Here is my list of the top ten Pakistanis who have bravely spoken up in support of Balochistan on multiple occasions.
1-MOHAMMAD Hanif is one of Pakistan’s most popular English language novelists. A former head of the B.B.C. Urdu Service, Hanif’s readers include the country’s English-speaking, western-educated, affluent urban elites. He shocked his readers with the compelling stories of the Baloch missing persons in the mainstream newspapers. When he wrote the article “The Baloch who is not missing” in Dawn, an influential newspaper, it staggered his readers. Later on, Hanif profiled more Baloch victims of “kill and dump” policies. With the help of the Human Rights Commission of Pakistan, he published a book with the same name, The Baloch who is not missing. A widely respected and trusted author, Hanif regularly speaks on news channels and also at conferences about the actual situation in Balochistan. He has truly educated and sensitized many people about the situation in Balochistan.

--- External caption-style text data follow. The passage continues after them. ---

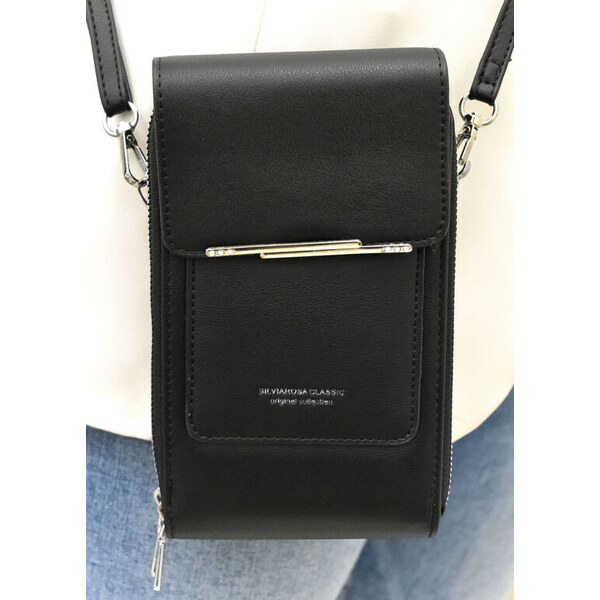 JOHN-C Dámska čierna kabelka na telefón/peňaženka s popruhom crossbody 50892128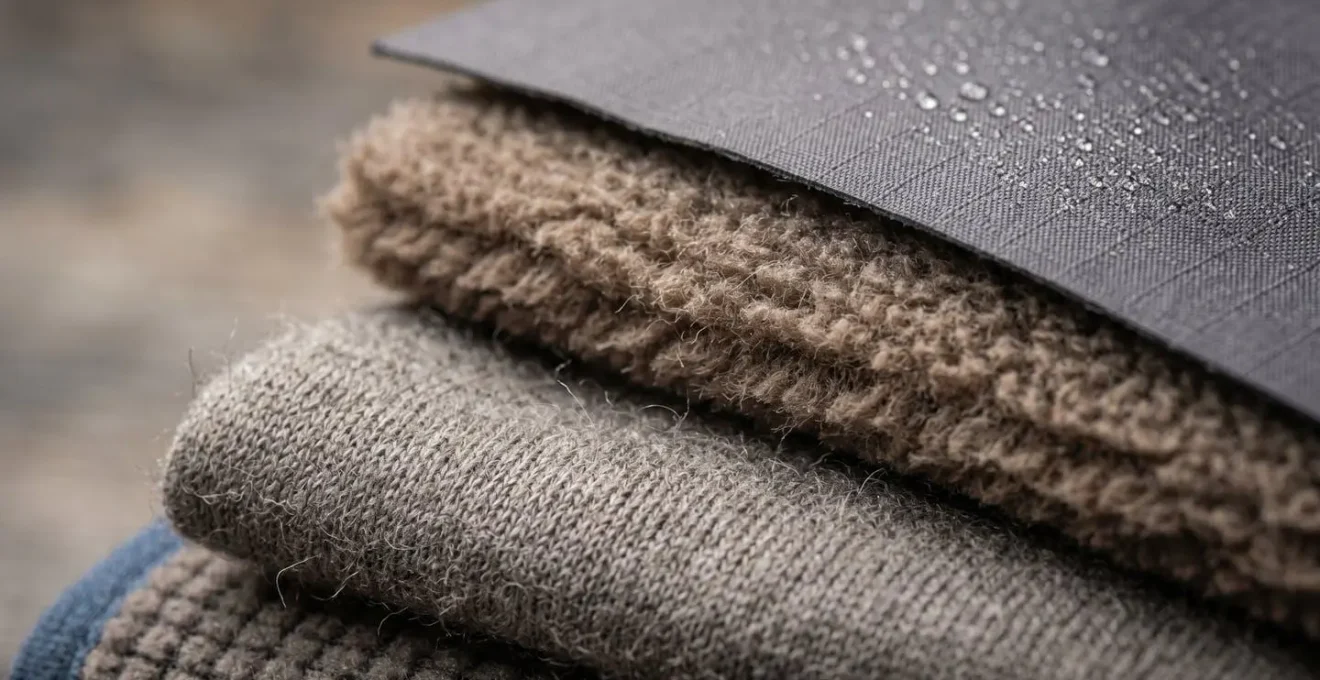 Gros plan sur des textiles techniques superposés illustrant le principe d'isolation par couches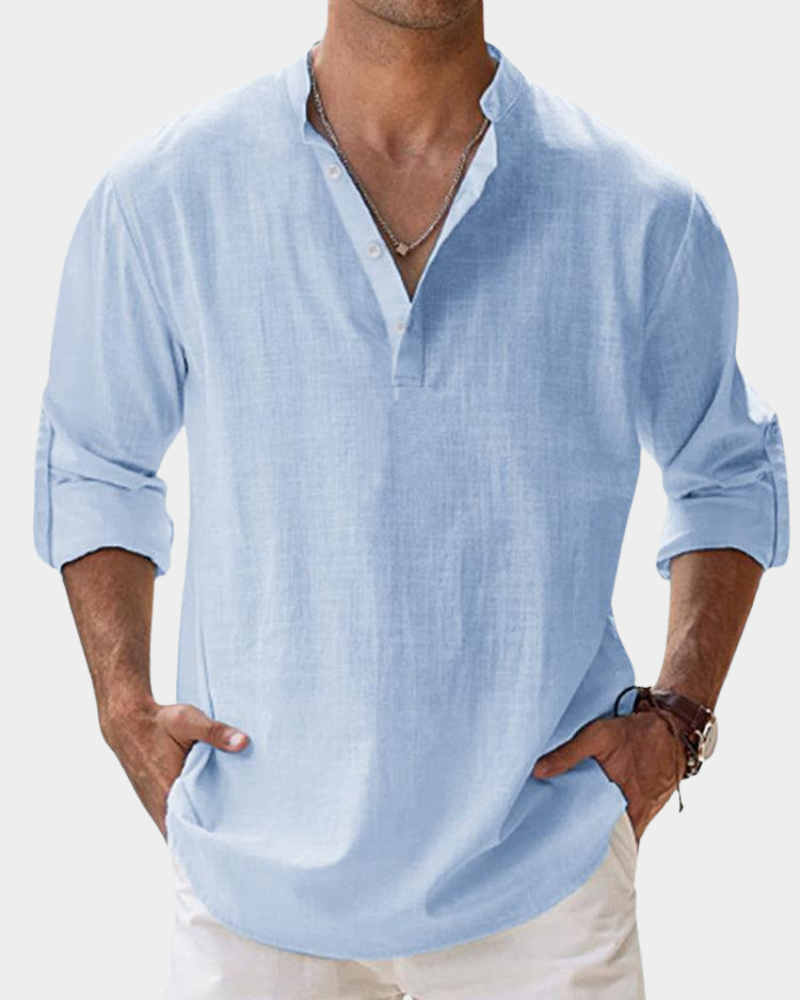 Gemütliches Langarm Freizeithemd Herren Casual Sommer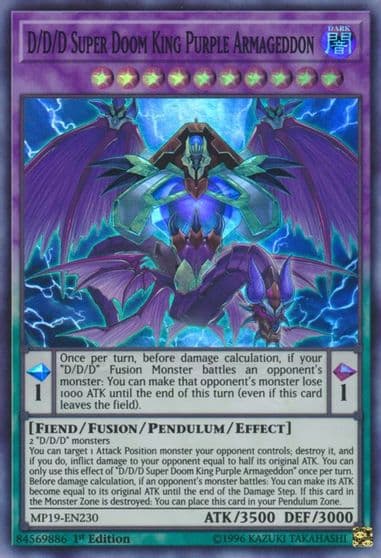 D D D Super Doom King Purple Armageddon 2019 Gold Sarcophagus Tin Mega Pack Yu-Gi-Oh! card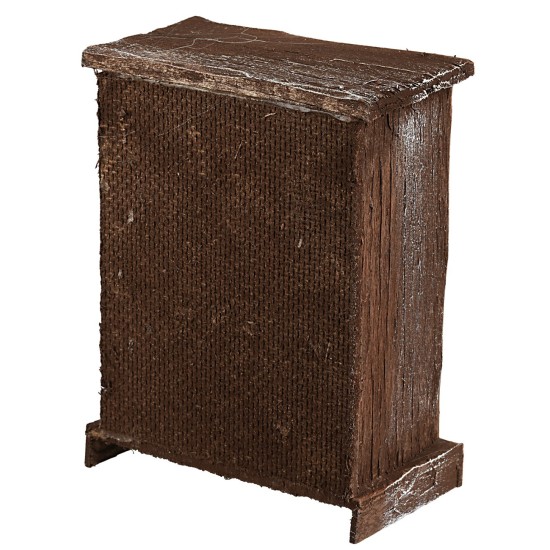 Antique-style wooden cabinet with doors and drawers, dimensions 8x5x11 cm (h).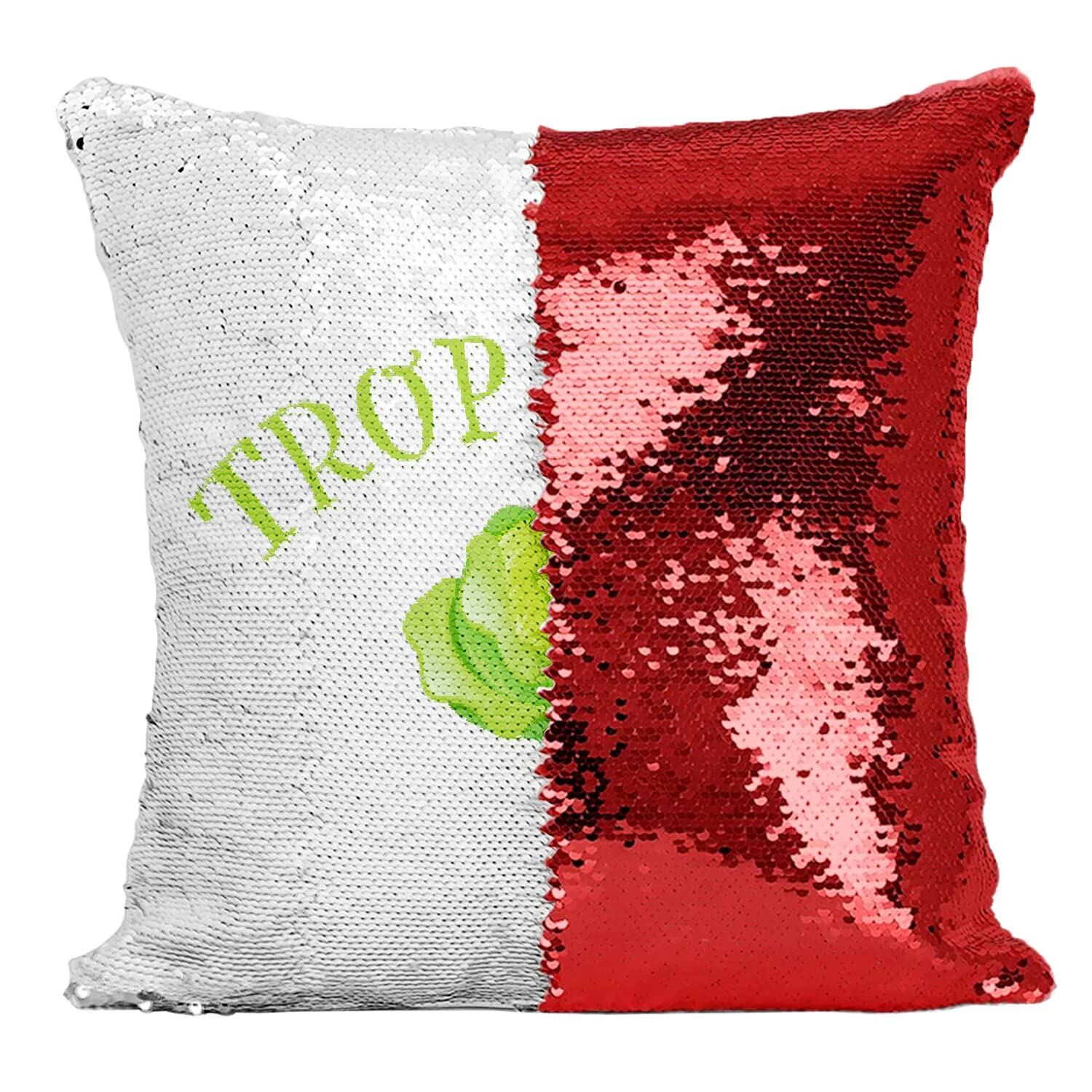 Coussin paillettes rouge Trop Chou pour offrir des sourires à votre enfant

2-ASMA JAHANGIR, 61, is a former president of Pakistan Supreme Court Bar Association and Chairperson of the Human Rights Commission of Pakistan. She was among the first top lawyers and human rights defenders to visit Balochistan as early as 2005 when the conflict newly erupted. Her mission on its way to Dera Bugti was attacked for which the Baloch Liberation Army reportedly claimed responsibility saying that “Punjabis visiting the area in order to rub salt on the wounds of the Baloch.” The H.R.C.P. team did not believe that the B.L.A. could be behind the attack. “Considering the findings of the mission, it is not quite clear why the BLA would want to scare the team away,” the H.R.C.P. stated in its detailed report, Conflict in Balochistan. Ms. Jhangir has kept on visiting Balochistan and preparing reports on the situation in the province. In her television appearances, she scathingly criticizes the military’s role and holds it responsible for the escalation of tensions in Balochistan. “Only the Pakistan army controls Balochistan,” she says, “no civilian politician can show courage to take a policy initiative on the matter.”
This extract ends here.